Mahkemece, yapılan yargılama sonunda, davalı … TAŞ’nin davalılardan … ile imzaladığı genel kredi sözleşmesinde davacı ve diğer davalıların kefil olarak imzalarının bulunduğu, buna istinaden bankanın davacıya keşide ettiği üç ayrı ihtarname ile borçlu olduğunun belirtilip, borcu ödemesini istediği, davacının borçlu olmadığını bildiren cevabi ihtarnameler keşide ettiği, davalı bankanın davacıya hitaben düzenlediği borçlu olmadığı içerikli 24.08.2009 tarihli yazısının dava tarihinden önce davacıya tebliğ edildiğini kanıtlayamadığı, davalı banka tarafından davacının borçlu olmadığının kabul edilmesi ile davanın konusunun kalmadığı, ancak davalı bankanın davanın açılmasına neden olduğu, davalılardan …’nün asıl borçlu olması ve borcu ödemesi halinde dahi kefil olan davacıya yönelmesinin mümkün olmaması ve zaten davacıya yönelik bir talebinin bulunmaması, diğer davalıların da davacı gibi sözleşmenin kefili oldukları halde davacıya yönelik bir talepte bulunmadıkları böylelikle bu davalılara karşı açılan davada hukuki yarar koşulu gerçekleşmediği gerekçeleriyle, davacının davalı … TAŞ.’ye karşı açtığı davanın konusu kalmadığından esas hakkında karar verilmesine yer olmadığına, davacının tazminat isteminin reddine, diğer davalılara karşı açılan davanın reddine karar verilmiş, hüküm davacı vekili ile davalılardan Akbank TAŞ. vekili tarafından temyiz edilmiştir.
1-Dosyadaki yazılara kararın dayandığı delillerle gerektirici sebeplere, delillerin takdirinde bir isabetsizlik bulunmamasına göre, davalılardan Akbank TAŞ. vekilinin tüm, davacı … vekilinin aşağıdaki bendin kapsamı dışında kalan diğer temyiz itirazlarının reddi gerekmiştir.
2-Mahkemenin de kabulünde olduğu gibi davacının davalılardan Akbank TAŞ. dışında kalan diğer davalılar …, …Gıda Tic.Ltd.Şti., … aleyhine dava açmakta hukuki yararı bulunmamaktadır.

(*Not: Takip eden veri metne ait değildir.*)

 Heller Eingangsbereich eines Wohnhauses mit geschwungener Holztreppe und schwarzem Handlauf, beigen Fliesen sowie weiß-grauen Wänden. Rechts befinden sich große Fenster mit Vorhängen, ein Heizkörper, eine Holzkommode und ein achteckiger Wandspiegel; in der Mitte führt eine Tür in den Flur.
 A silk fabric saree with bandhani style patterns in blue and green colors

Bu durumda adı geçen bu davalılar lehine karar tarihinde yürürlükte bulunan Avukatlık Asgarı Ücret Tarifesinin 7.maddesi uyarınca maktu vekalet ücreti (1.000,00 TL) takdiri gerekirken, nispi vekalet ücretine karar verilmesi doğru olmadığı halde bu yanlışlığın giderilmesi yeniden yargılamayı gerektirmediğinden HUMK’nun 438/7.maddesi uyarınca hükmün düzeltilerek onanması uygun görülmüştür.

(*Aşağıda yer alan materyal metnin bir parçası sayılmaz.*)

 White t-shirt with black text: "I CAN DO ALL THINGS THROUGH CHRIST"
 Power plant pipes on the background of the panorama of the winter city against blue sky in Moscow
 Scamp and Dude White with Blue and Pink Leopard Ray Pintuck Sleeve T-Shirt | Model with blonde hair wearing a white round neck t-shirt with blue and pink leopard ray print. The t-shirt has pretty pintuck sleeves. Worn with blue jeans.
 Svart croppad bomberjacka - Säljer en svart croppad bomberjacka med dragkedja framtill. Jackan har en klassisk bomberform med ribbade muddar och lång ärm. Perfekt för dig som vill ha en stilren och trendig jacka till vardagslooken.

SONUÇ:Yukarıda (1) nolu bentte açıklanan nedenlerle davalılardan Akbank TAŞ. vekilinin tüm, davacı … vekilinin diğer temyiz itirazlarının reddine, (2) nolu bentte açıklanan nedenlerle hükmün 3.maddesinin 5.paragrafında yer alan ve “..anlaşıldığından..” sonra kelimesiyle “…ile..”kelimesi arasında yer alan “Av.As.Ücrt.Tar.3.2.maddesi gereğince 13120 TL vekalet ücreti takdiri” sözcüklerinin hükümden çıkarılarak yerine “..Avukatlık Asgari Ücret Tarifesinin 7.maddesi gereğince 1.000,00 TL vekalet ücreti takdiri..” sözcük dizisinin eklenmesi suretiyle hükmün düzeltilerek ONANMASINA, peşin harcın istek halinde iadesine, 09.12.2010 gününde oybirliğiyle karar verildi.